The goal of this dissertation was to develop a robust, extensible and high-throughput framework for the comprehensive characterization of organic micropollutants in wastewaters by high-resolution accurate-mass mass spectrometry. High-resolution mass spectrometry provides the most powerful analytical technique available for assessing the occurrence and fate of organic pollutants in the water cycle. However, significant limitations in data processing, analysis and interpretation have limited this technique in achieving comprehensive characterization of organic pollutants occurring in natural and built environments. My work aimed to address these challenges by development of automated workflows for the structural characterization of organic pollutants in wastewater and wastewater impacted environments by high-resolution mass spectrometry, and to apply these methods in combination with novel data handling routines to conduct detailed fate studies of wastewater-derived organic micropollutants in the aquatic environment.

In Chapter 2, chemoinformatic tools were implemented along with novel non-targeted mass spectrometric analytical methods to characterize, map, and explore an environmentally-relevant “chemical space” in municipal wastewater. This was accomplished by characterizing the molecular composition of known wastewater-derived organic pollutants and substances that are prioritized as potential wastewater contaminants, using these databases to evaluate the pollutant-likeness of structures postulated for unknown organic compounds that I detected in wastewater extracts using high-resolution mass spectrometry approaches. Results showed that application of multiple computational mass spectrometric tools to structural elucidation of unknown organic pollutants arising in wastewaters improved the efficiency and veracity of screening approaches based on high-resolution mass spectrometry. Furthermore, structural similarity searching was essential for prioritizing substances sharing structural features with known organic pollutants or industrial and consumer chemicals that could enter the environment through use or disposal.

I then applied this comprehensive methodological and computational non-targeted analysis workflow to micropollutant fate analysis in domestic wastewaters (Chapter 3), surface waters impacted by water reuse activities (Chapter 4) and effluents of wastewater treatment facilities receiving wastewater from oil and gas extraction activities (Chapter 5). In Chapter 3, I showed that application of chemometric tools aided in the prioritization of non-targeted compounds arising at various stages of conventional wastewater treatment by partitioning high dimensional data into rational chemical categories based on knowledge of organic chemical fate processes, resulting in the classification of organic micropollutants based on their occurrence and/or removal during treatment. Similarly, in Chapter 4, high-resolution sampling and broad-spectrum targeted and non-targeted chemical analysis were applied to assess the occurrence and fate of organic micropollutants in a water reuse application, wherein reclaimed wastewater was applied for irrigation of turf grass. Results showed that organic micropollutant composition of surface waters receiving runoff from wastewater irrigated areas appeared to be minimally impacted by wastewater-derived organic micropollutants. Finally, Chapter 5 presents results of the comprehensive organic chemical composition of oil and gas wastewaters treated for surface water discharge. Concurrent analysis of effluent samples by complementary, broad-spectrum analytical techniques, revealed that low-levels of hydrophobic organic contaminants, but elevated concentrations of polymeric surfactants, which may effect the fate and analysis of contaminants of concern in oil and gas wastewaters.
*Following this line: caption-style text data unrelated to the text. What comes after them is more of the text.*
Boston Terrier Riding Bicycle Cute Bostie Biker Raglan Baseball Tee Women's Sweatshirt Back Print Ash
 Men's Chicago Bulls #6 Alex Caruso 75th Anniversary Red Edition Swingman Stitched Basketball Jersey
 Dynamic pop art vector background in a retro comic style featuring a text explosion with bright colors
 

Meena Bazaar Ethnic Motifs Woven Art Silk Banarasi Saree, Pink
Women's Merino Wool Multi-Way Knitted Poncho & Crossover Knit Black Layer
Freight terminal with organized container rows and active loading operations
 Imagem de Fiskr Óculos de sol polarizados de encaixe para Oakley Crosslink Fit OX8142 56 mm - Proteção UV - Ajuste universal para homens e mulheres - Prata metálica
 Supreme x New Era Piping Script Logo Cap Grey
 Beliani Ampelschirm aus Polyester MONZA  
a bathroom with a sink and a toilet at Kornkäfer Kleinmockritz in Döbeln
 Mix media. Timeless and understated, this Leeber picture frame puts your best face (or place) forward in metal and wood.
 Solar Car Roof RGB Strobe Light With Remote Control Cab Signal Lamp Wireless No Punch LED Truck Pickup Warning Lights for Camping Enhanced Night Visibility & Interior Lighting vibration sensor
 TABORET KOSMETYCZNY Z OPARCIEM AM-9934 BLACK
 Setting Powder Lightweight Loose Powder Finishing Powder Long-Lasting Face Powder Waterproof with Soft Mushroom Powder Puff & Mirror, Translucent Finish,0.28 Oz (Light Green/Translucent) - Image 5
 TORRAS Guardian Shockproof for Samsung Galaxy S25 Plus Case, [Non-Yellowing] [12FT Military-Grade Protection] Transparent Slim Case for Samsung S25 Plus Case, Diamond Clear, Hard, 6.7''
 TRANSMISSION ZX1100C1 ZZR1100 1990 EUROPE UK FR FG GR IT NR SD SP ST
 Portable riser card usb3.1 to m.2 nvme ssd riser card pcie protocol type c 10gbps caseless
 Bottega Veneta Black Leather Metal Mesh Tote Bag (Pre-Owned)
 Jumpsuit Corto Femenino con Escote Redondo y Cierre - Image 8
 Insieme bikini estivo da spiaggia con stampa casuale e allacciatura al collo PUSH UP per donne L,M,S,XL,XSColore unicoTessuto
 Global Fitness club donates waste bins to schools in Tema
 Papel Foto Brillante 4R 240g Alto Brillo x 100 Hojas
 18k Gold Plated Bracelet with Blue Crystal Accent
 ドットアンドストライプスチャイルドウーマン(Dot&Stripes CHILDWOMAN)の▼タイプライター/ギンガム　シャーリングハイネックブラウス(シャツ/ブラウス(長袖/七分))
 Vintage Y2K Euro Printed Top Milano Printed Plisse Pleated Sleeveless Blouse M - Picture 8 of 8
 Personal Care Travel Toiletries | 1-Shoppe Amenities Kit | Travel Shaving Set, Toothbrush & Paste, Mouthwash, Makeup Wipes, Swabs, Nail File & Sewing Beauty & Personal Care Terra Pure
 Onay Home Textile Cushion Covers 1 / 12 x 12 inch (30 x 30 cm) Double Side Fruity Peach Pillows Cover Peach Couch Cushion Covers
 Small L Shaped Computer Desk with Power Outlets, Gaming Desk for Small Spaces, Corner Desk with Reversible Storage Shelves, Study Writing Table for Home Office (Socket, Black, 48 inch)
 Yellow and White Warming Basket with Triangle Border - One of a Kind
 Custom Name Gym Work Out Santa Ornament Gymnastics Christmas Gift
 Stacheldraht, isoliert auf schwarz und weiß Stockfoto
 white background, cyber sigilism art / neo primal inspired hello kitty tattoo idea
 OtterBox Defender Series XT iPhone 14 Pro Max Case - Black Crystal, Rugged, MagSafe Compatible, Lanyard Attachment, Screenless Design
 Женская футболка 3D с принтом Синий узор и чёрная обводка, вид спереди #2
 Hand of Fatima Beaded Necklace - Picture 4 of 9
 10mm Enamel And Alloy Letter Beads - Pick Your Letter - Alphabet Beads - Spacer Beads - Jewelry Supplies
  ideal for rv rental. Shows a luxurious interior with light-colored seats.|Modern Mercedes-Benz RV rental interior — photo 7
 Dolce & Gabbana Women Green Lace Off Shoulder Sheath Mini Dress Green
Taken together, my work represents significant progress in the characterization of polar organic chemical pollutants associated with wastewater-impacted environments by high-resolution mass spectrometry. Application of these comprehensive methods to examine micropollutant fate processes in wastewater treatment systems, water reuse environments, and water applications in oil/gas exploration yielded new insights into the factors that influence transport, transformation, and persistence of organic micropollutants in these systems across an unprecedented breadth of chemical space.